The Chinese battery and carmaker BYD Co Ltd reported on Sunday that it saw a record decrease in its profits and vehicle sales in its 2011 financial year, which ended on Dec 31.
That aroused concerns that the company will have a difficult time achieving its goal of having the most automobiles sales of any being Chinese company by 2015.
Statistics from the company's financial report showed that BYD's revenues decreased by no more than 1 percent from a year earlier, coming in at 46.31 billion yuan ($7.3 billion). Even so, its gross profit dived by 17 percent to 6.87 billion yuan, and its profits attributed to equity holders declined sharply by 45 percent to 1.38 billion yuan.
The company's shares on the Shenzhen Stock Exchange gained 1.81 percent to close at 26.47 yuan apiece on Monday, while its stock price dropped by 4.82 percent to hit HK$19.94 a share in Hong Kong.
The Shenzhen-based company, which the US billionaire Warren Buffett has invested in, blamed the profit decrease on its waning battery business, which has been harmed by a slowdown in the demand for traditional mobile phones and on its shrinking share of the market for notebook computers. The company's rechargeable batteries and new-energy businesses were also harmed by the decline in demand in the European market for photovoltaic equipment.
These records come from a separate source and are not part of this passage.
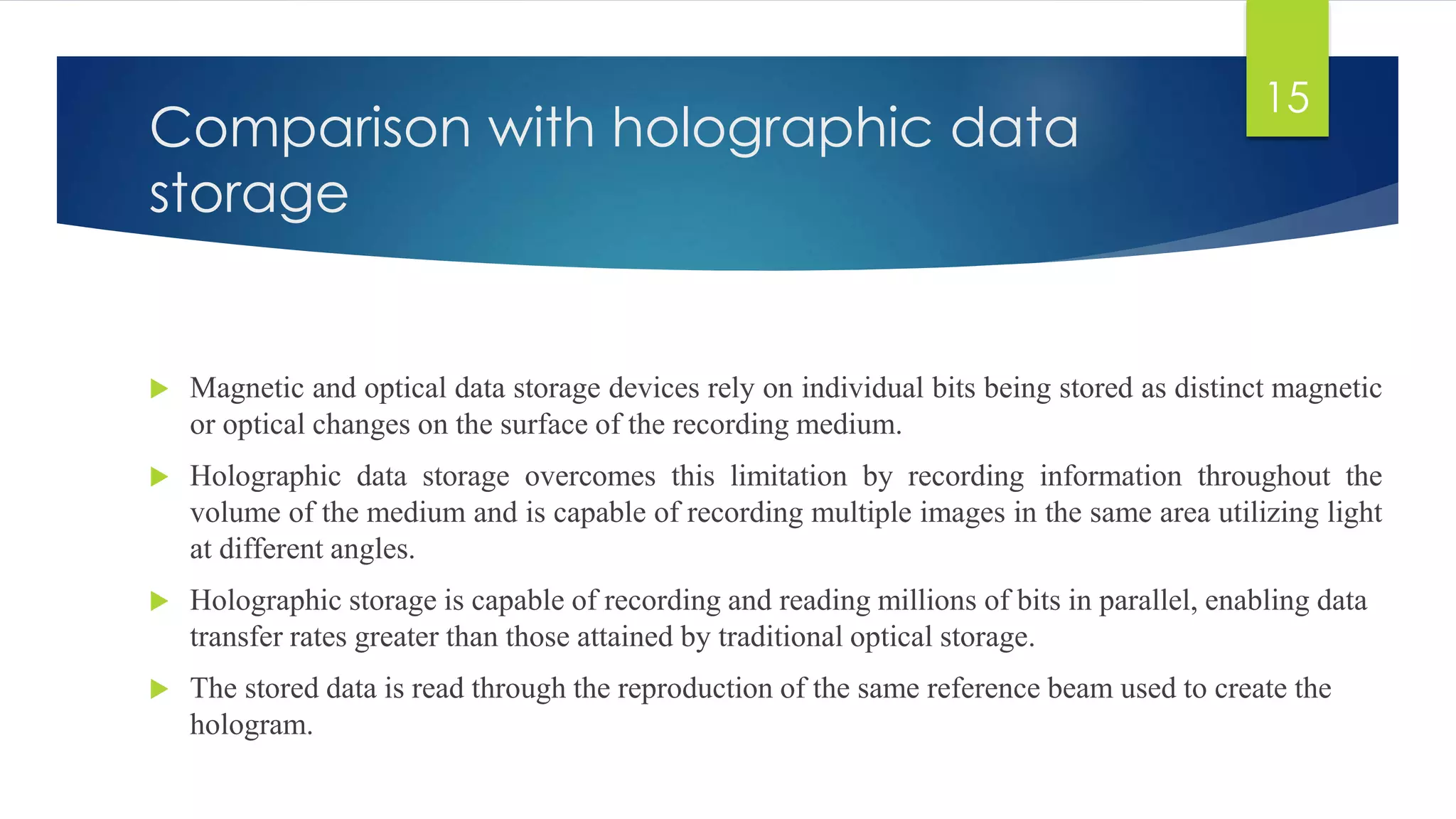 Comparison with holographic data 
storage 
 Magnetic and optical data storage devices rely on individual bits being stored as distinct magnetic 
or optical changes on the surface of the recording medium. 
 Holographic data storage overcomes this limitation by recording information throughout the 
volume of the medium and is capable of recording multiple images in the same area utilizing light 
at different angles. 
 Holographic storage is capable of recording and reading millions of bits in parallel, enabling data 
transfer rates greater than those attained by traditional optical storage. 
 The stored data is read through the reproduction of the same reference beam used to create the 
hologram. 
15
BYD also said its automobile sales decreased by 13.33 percent in 2011 from the previous year, declining to 437,000 vehicles. For the year before, the company had set an ambitious target of selling 800,000 vehicles but eventually sold 520,000.
Despite the sales decline, BYD said in the financial report that its vehicle business had 22 billion yuan in revenue in 2011, a slight increase year-on-year.